Defence Minister Peter MacKay announced at a conference in Halifax Sunday that the government is thinking about having its troops stay in Afghanistan beyond 2011.
"We've been crystal clear in saying that the combat mission will end July ," MacKay said, according to a transcript of his remarks. But Canada is also training Afghan police and military officers to help establish the Afghanistan government.
The government is now reconsidering its post-2011 role, MacKay said, one that will likely focus on training. "This is out of Kandahar, behind the wire," he said, meaning in a non-combat role. Senior government sources cited by the CBC suggest this could involve up to 750 soldiers and 200 support staff stationed in Kabul for up to three years.
Canada is set to meet its NATO allies in Lisbon, Portugal later this month to discuss the situation in Afghanistan.
Canada has been under great pressure from its NATO allies to keep troops in Afghanistan beyond 2011, said Edmonton-St. Albert member of Parliament Brent Rathgeber. This is still just a proposal, he emphasized, and it would have to be voted on by Parliament before it could be implemented.
"There's almost no support amongst civilian constituents for continuing a combat mission," Rathgeber said, although military members have told him they favour an extension. He said he'd support this proposal if it came to a vote, saying it was a good compromise between those calling for a continued presence and those wanting the troops out now.
Training means combat, says expert
This is an about-face for Canada, said Walter Dorn, professor of defence studies at the Royal Military College of Canada in Ontario, one that likely reflects pressure from NATO. Both the Liberals and Conservatives previously supported a motion to end Canada's combat mission in Afghanistan by next July.
It's unrealistic to say that our troops won't be in combat if they switch to training, Dorn said. "By necessity, training cannot be just done in the classroom."

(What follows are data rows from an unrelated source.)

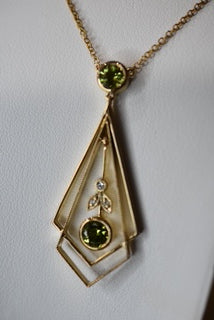 9ct yellow gold Peridot & Diamond pendant and chain.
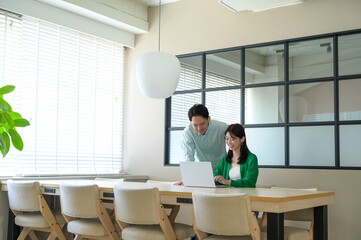 カジュアルな服装でオフィスで仕事をする日本人男女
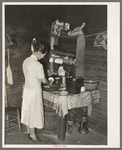 Mrs. Scarbrough in corner of kitchen. Laurel, Mississippi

Mentoring requires teachers to take students into the field, often in combat situations. Training is less dangerous than what our soldiers are doing now, but "to say there's no danger is unrealistic."
Troops could do plenty of training without ever leaving their base, Rathgeber said, although he admitted that base could conceivably come under attack. "There will be no combat role for Canada past July of next year."
Both the Liberals and Conservatives have hinted for months that our troops might need to stay in Afghanistan past 2011, Dorn said, so it's unlikely they'll lose support from each other. They could lose it to the NDP and Bloc, however, both of which want the troops back home.
Canada might be criticized for pulling out, Rathgeber said, but the fact is that by next July Canada will have spent almost as much time in Afghanistan as it did in Europe during both World Wars. "I don't think anyone can fairly criticize the Canadian effort."
Canada owes it to its allies to make its position clear soon, Dorn said. "Our pullout starts in a matter of months," he said. "If we're going to stay in Afghanistan, we're going to need to be able to make some concrete plans soon."